=== Begin Enclosure ===

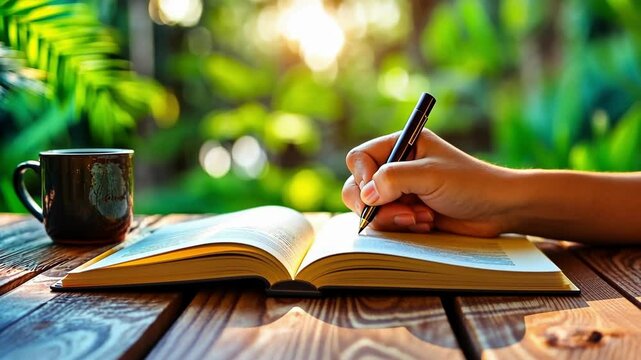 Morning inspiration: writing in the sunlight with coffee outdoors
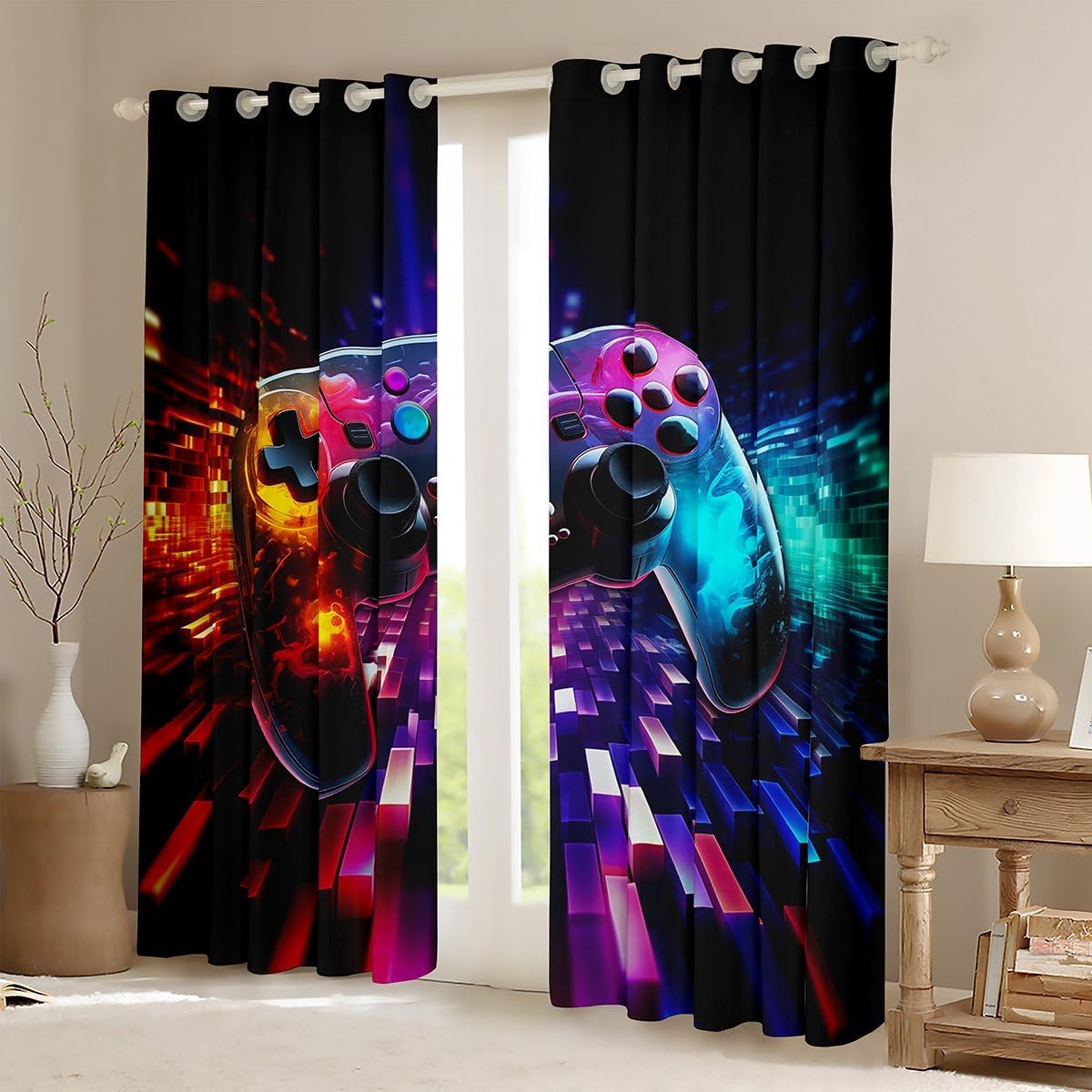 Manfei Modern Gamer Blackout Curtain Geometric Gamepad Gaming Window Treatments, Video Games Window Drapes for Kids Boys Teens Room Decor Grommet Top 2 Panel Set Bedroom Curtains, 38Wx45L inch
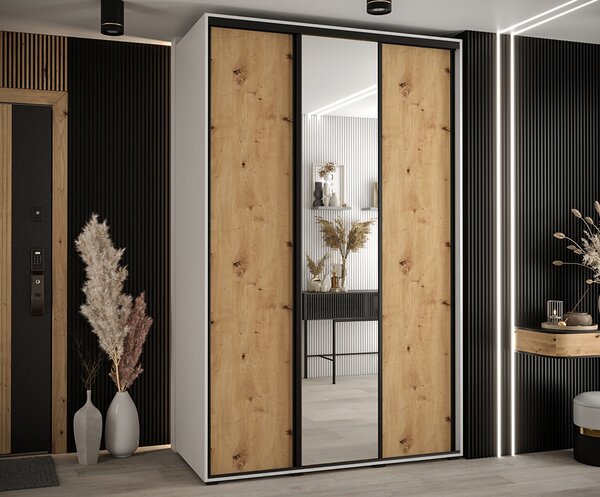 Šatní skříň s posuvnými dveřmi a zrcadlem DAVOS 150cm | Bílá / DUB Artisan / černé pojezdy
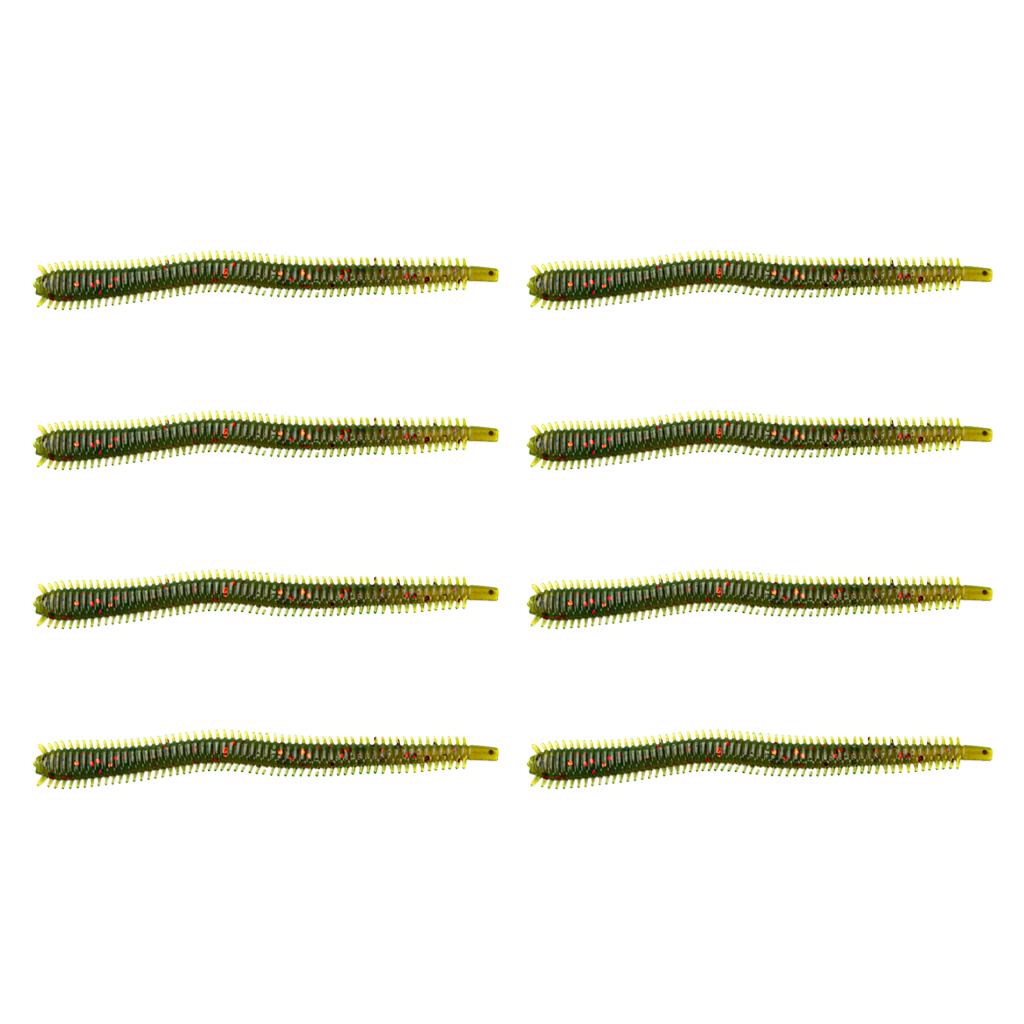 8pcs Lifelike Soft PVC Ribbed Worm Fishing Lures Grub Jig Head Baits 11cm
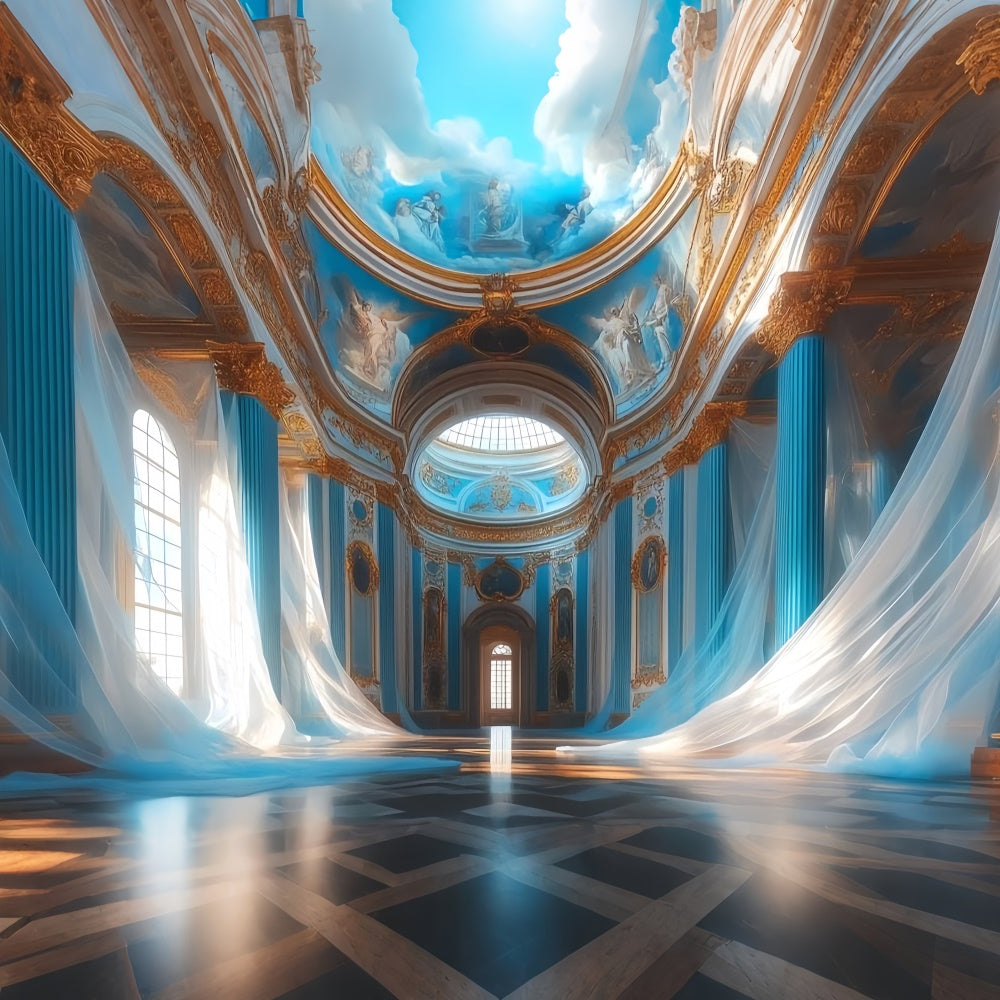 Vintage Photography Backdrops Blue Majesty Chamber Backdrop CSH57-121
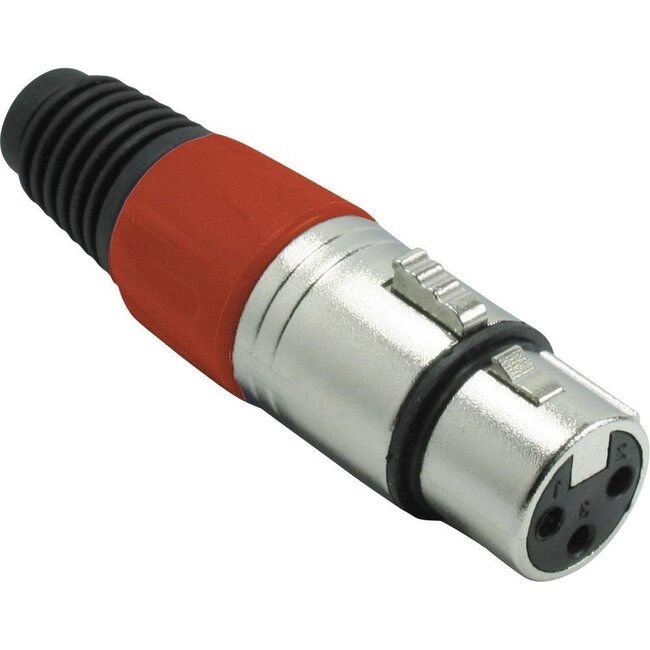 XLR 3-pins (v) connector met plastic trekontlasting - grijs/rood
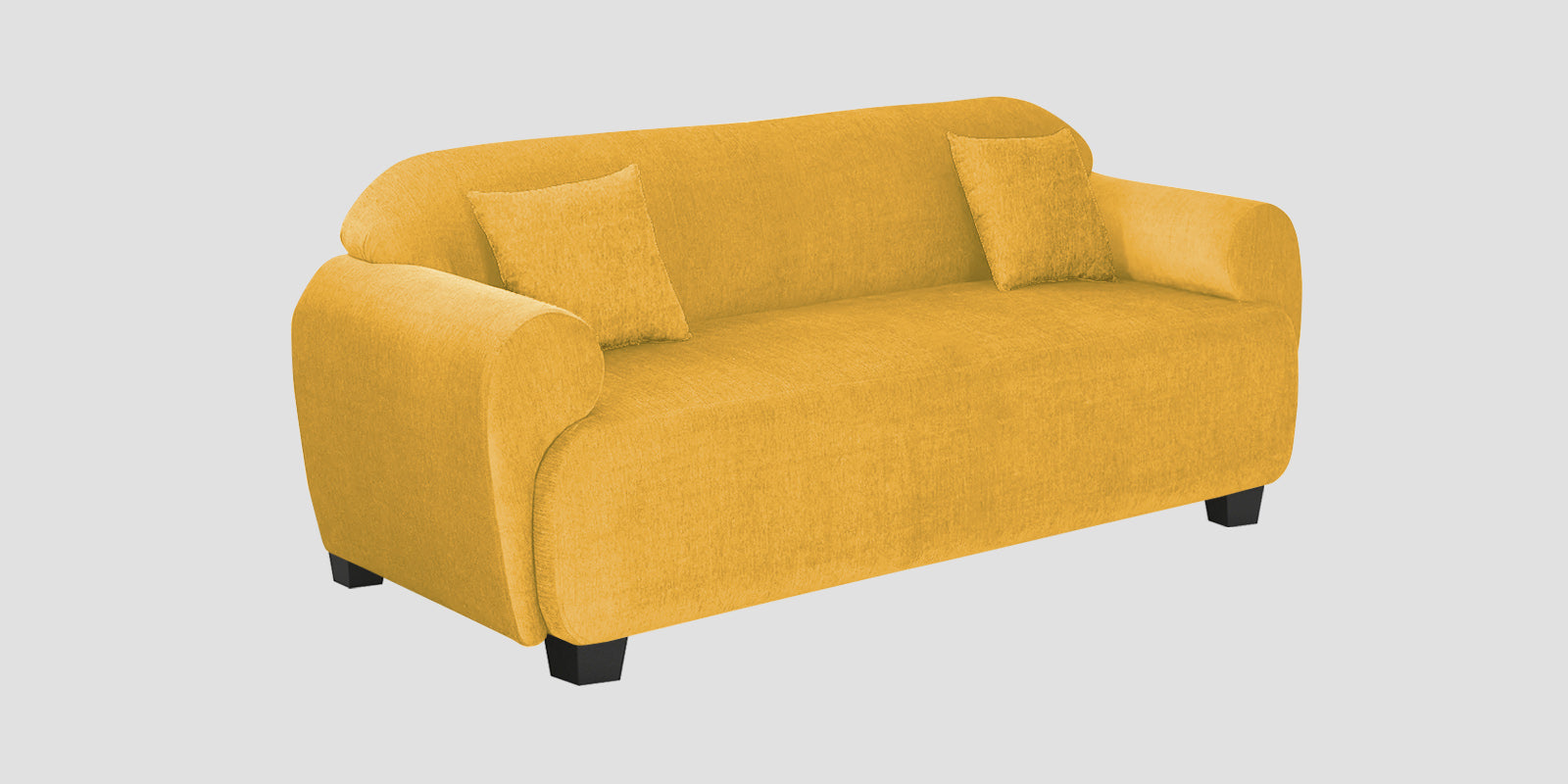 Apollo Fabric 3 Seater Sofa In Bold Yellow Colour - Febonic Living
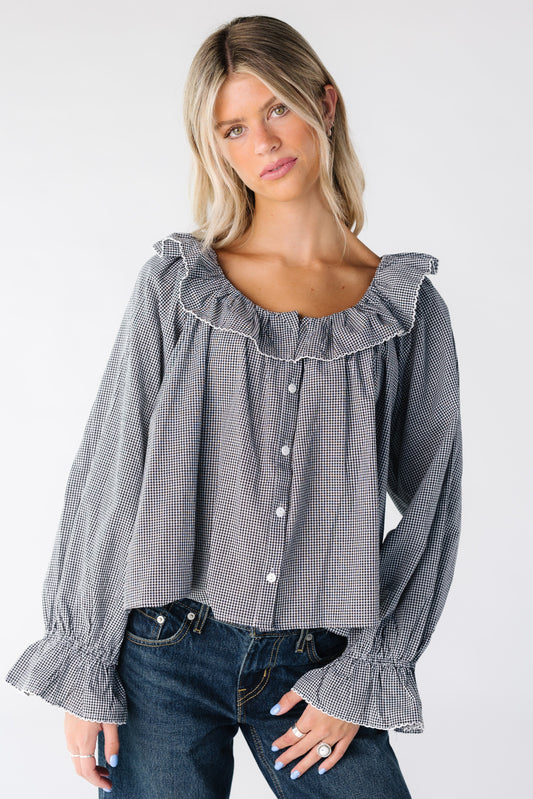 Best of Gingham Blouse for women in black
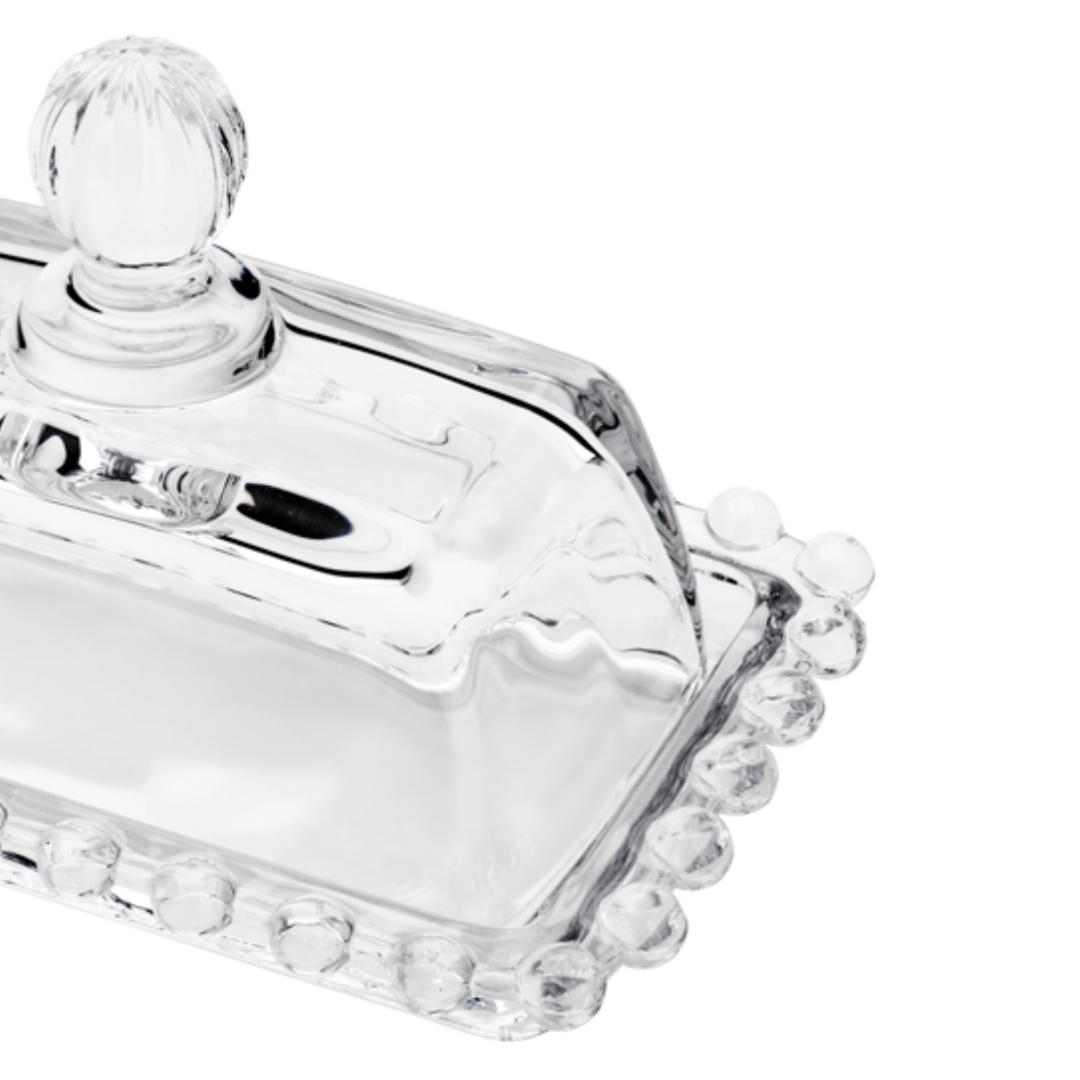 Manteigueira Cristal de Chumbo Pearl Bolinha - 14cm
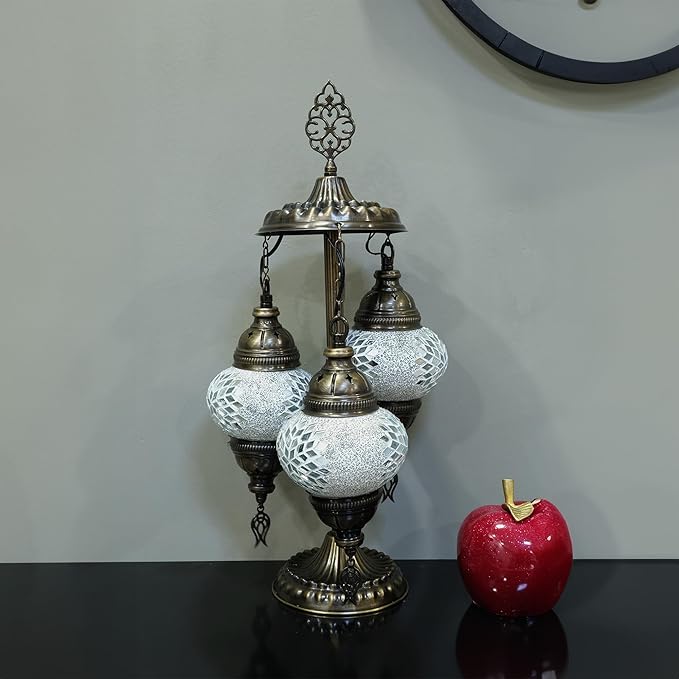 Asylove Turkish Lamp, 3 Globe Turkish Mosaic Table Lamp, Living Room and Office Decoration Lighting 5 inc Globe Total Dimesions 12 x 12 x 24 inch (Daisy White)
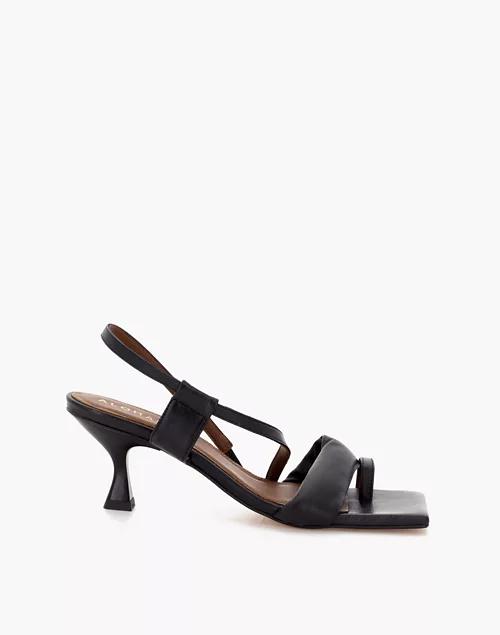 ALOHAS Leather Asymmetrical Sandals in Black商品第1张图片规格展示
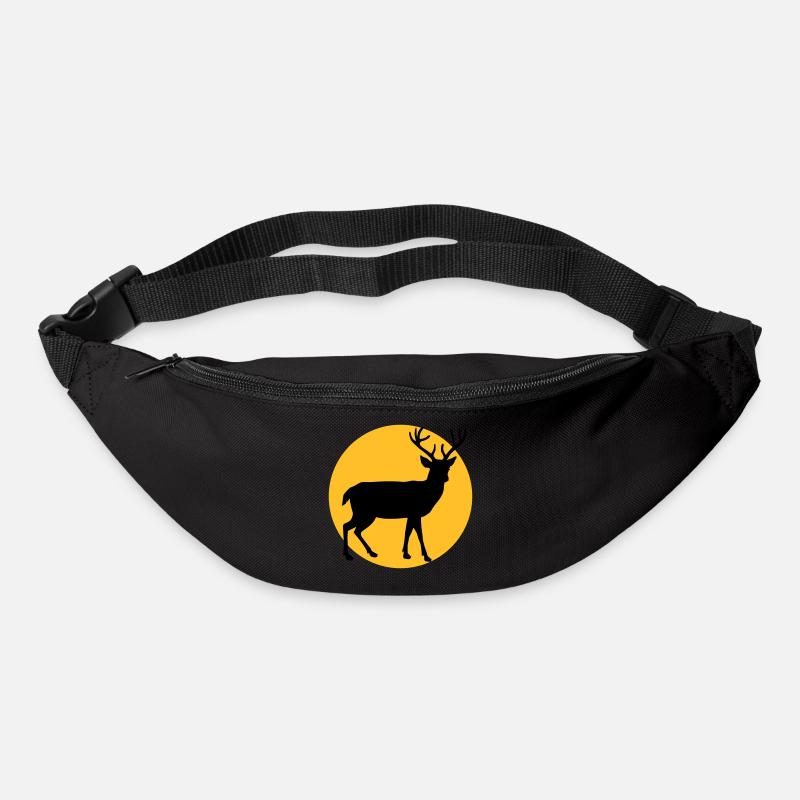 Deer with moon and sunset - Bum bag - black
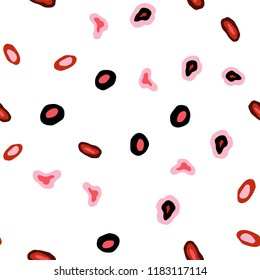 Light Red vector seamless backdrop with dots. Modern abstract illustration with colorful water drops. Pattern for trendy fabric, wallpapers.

=== End Enclosure ===

● **Activity**: Without the pictures, reproduce every line of the records above exactly.

● **Worked solution**:
 Morning inspiration: writing in the sunlight with coffee outdoors
 Manfei Modern Gamer Blackout Curtain Geometric Gamepad Gaming Window Treatments, Video Games Window Drapes for Kids Boys Teens Room Decor Grommet Top 2 Panel Set Bedroom Curtains, 38Wx45L inch
 Šatní skříň s posuvnými dveřmi a zrcadlem DAVOS 150cm | Bílá / DUB Artisan / černé pojezdy
 8pcs Lifelike Soft PVC Ribbed Worm Fishing Lures Grub Jig Head Baits 11cm
 Vintage Photography Backdrops Blue Majesty Chamber Backdrop CSH57-121
 XLR 3-pins (v) connector met plastic trekontlasting - grijs/rood
 Apollo Fabric 3 Seater Sofa In Bold Yellow Colour - Febonic Living
 Best of Gingham Blouse for women in black
 Manteigueira Cristal de Chumbo Pearl Bolinha - 14cm
 Asylove Turkish Lamp, 3 Globe Turkish Mosaic Table Lamp, Living Room and Office Decoration Lighting 5 inc Globe Total Dimesions 12 x 12 x 24 inch (Daisy White)
 ALOHAS Leather Asymmetrical Sandals in Black商品第1张图片规格展示
 Deer with moon and sunset - Bum bag - black
 Light Red vector seamless backdrop with dots. Modern abstract illustration with colorful water drops. Pattern for trendy fabric, wallpapers.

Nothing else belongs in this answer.